= Dianne Willcocks =

British social scientist (born 1945)

Dianne Marie Willcocks CBE DL (born 5 May 1945) was the Vice-Chancellor of York St John University until retirement in April 2010 and is a former Deputy Principal of Sheffield Hallam University.

==Biography==
She received a Dip.M from Ealing College of Higher Education in 1966, and a BSc (Hons) in Human Sciences from the University of Surrey in 1976.

Willcocks worked as director of research at the University of North London. She moved from London to Sheffield as Assistant Principal of Sheffield Hallam University.

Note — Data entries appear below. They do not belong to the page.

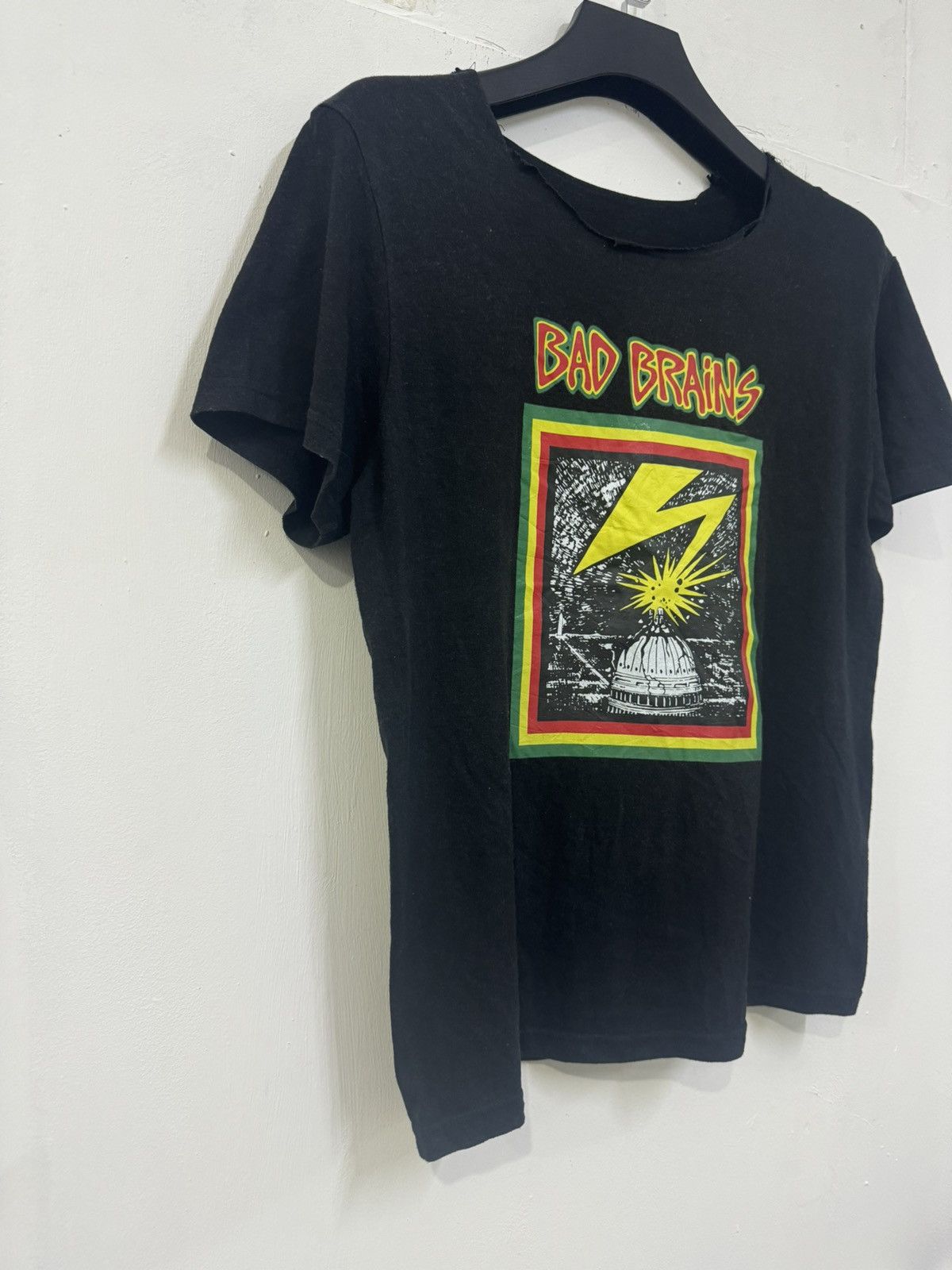 Band Tees 💥DISTRESSED COLLAR BAD BRAIN FLASH HARDCORE PUNK SHIRT Size US M / EU 48-50 / 2 - 2 Thumbnail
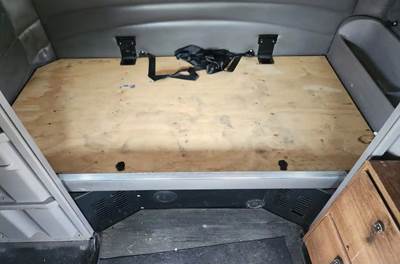 Used 2007 Peterbilt 387 Bottom Sleeper Bunk, Brown/Grey Wood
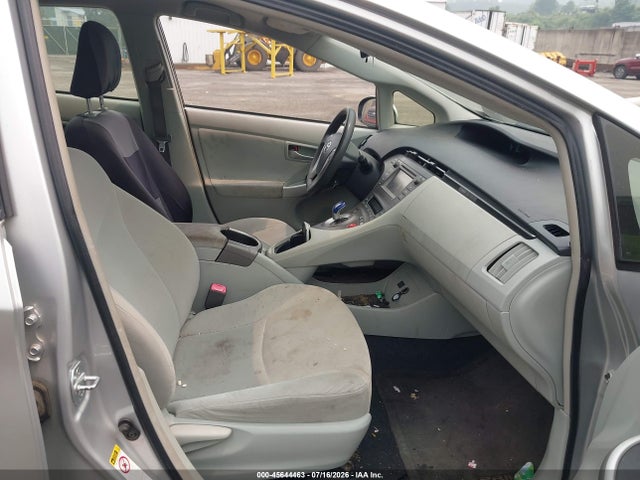 2013 Toyota PRIUS TWO — фото 5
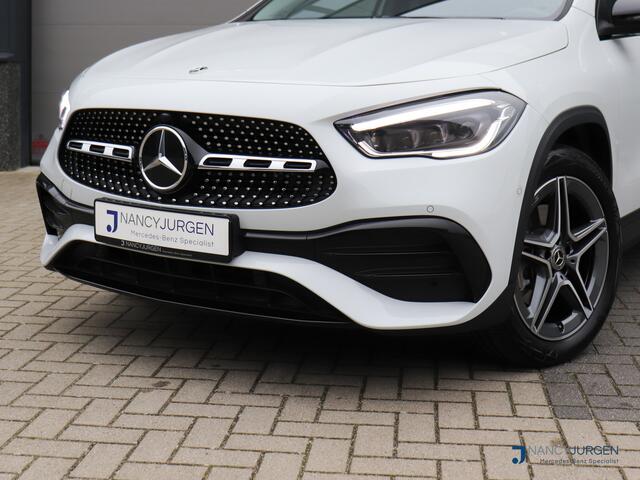 Mercedes-Benz GLA-KLASSE 250 e AMG | 8G Aut | Alarmklasse 3 | Ambiente Light | Business | Elektr. Panorama Schuif/Kanteldak | LED | MBUX | Night | Wit Metallic | Dealeronderhouden |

In 1999 she became the first Principal of Ripon and York St John College in 160 years.

She was appointed Commander of the Order of the British Empire (CBE) in the 2008 Birthday Honours.

After retirement, Willcocks has continued her work in gerontology as Chair of the Wilf Ward Family Trust, as a Patron of Older Citizens Advocacy, York, and has served as Health Champion for York’s Older Person’s Assembly.

===Other appointments===
Below are a selection of Dianne Willcocks' other appointments.
- Chair of Trustees, York Theatre Royal
- Chair, Action on Access Advisory Forum
- Member of Executive Board, GuildHE
- Board Member, Aimhigher National Partnership
- Board Member, Yorkshire Film Archive
- Deputy Lieutenant, North Yorkshire
- Trustee, York Museums Trust
- Trustee, Higher Education Academy
- Trustee, York Mediale.
- Deputy chair of the trustees of the Joseph Rowntree Foundation

==Publications==
- Peace, S., Kellaher, L., and Willcocks, D. 1982.A Balanced Life?. Survey Research Unit, The Polytechnic of North London.
- Willcocks, D., Peace, S. and Kellaher, L. 1986. Private lives in public places: a research-based critique of residential life in local authority old people's homes. London, Tavistock.
- Kellaher, L., Peace, S., and Willcocks, D. 1990. "Triangulating data". In: Peace, Sheila M. (ed.) Researching Social Gerontology: Concepts, Methods and Issues. London, Sage. 115–128.
- Peace, S., Kellaher, L., and Willcocks, D. 1997. Re-evaluating residential care. Buckingham, Open University Press.